Designed by Cassandra Sanchez.
Image Description: a child in a purple t-shirt sits with orange and yellow watercolor rings behind them, building a small house on stilts out of dust.
i speak in an american accent
when i talk to my great-grandma
(she really speaks illocano, but
they don’t teach that here.)
i speak one word, and she laughs.
“opo,” she chuckles; yes, with respect.
i see my family at christmas for the first time in years
stranded in the middle west of the u.s.
snow on the ground and chill deep in my bones
my lola gets me a filipino cookbook
and i spend an hour poring through its pages
in my tagalog class we had a presentation about filipino architecture
(my notes are in taglish, rudimentary and scattered)
modern architects in the philippines diverge in their styles:
some embrace the bahays of the past
mangoes and hibiscus on art deco theaters
buildings like rice terraces with greenery facades
some ignore it completely.
later, over a st. louis style pizza,
my grandparents and i talk about visiting the philippines.
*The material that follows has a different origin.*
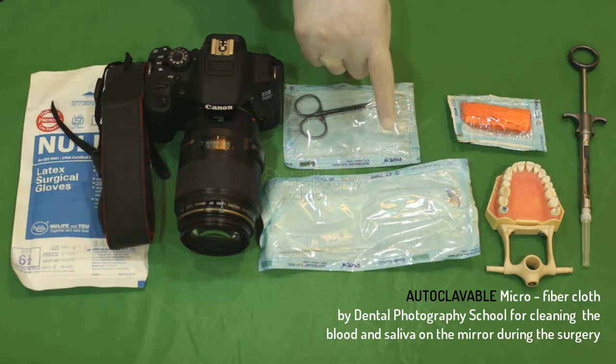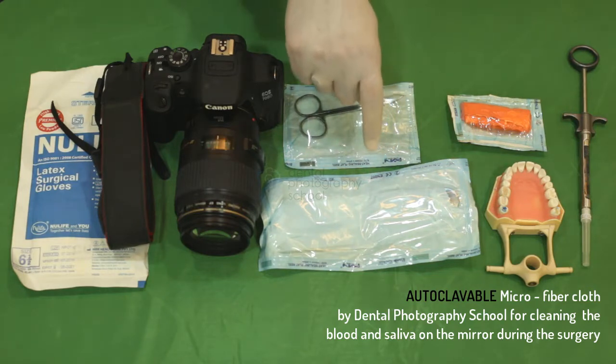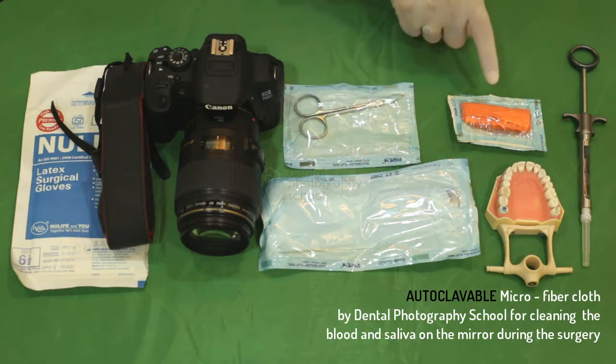You should also require a microfiber cloth. During surgeries, if your mirror gets coated with blood or saliva, you should not clean it with a gauze piece, cotton, or a tissue paper. You always have to clean it with a microfiber cloth that is autoclaved.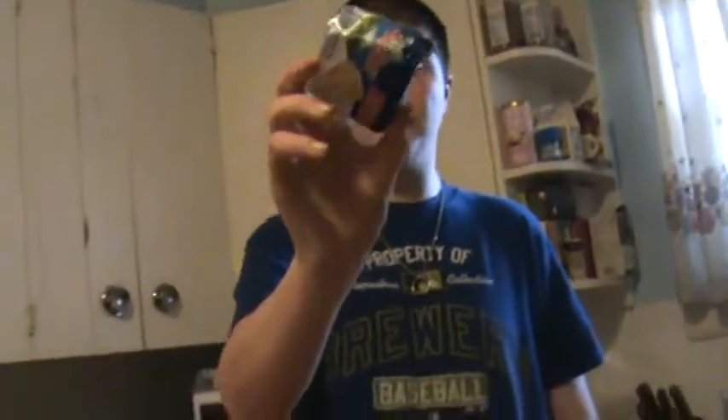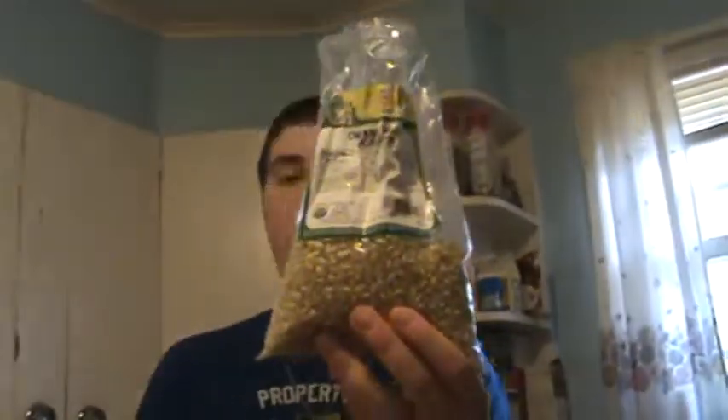Okay, so here's what you're going to do. You're going to need a little bit of oil, a spoonful of butter, some salt, and three quarters of a cup of popcorn kernels.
we own a plot of land there
where a house hasn’t yet been built.
in my dreams, i’m building it
laying each stone myself
i’m trying my hardest to stand on a foundation of nothing
crumbling gray concrete ash,
trying not to build a skyscraper;
an international business center
a midwest city with windows like boxes
trying not to build from the top down,
the way i’m learning grammatical categories
i tried learning tagalog once before, when i was seven
but with no one to practice with
the language eroded in my mouth
and i swallowed dust
in my dream, dust becomes mud
and i build their house from the ground up
my great-grandparents’ home
the shuffling of house slippers and
mambo music in the background
i make adobo for my friends
and share my bistek with my roommate
they’re too peppery,
dust spilling out when i pour black powder in the pot
but the chicken is tender
and the company is good
and my lola even complimented it at christmas.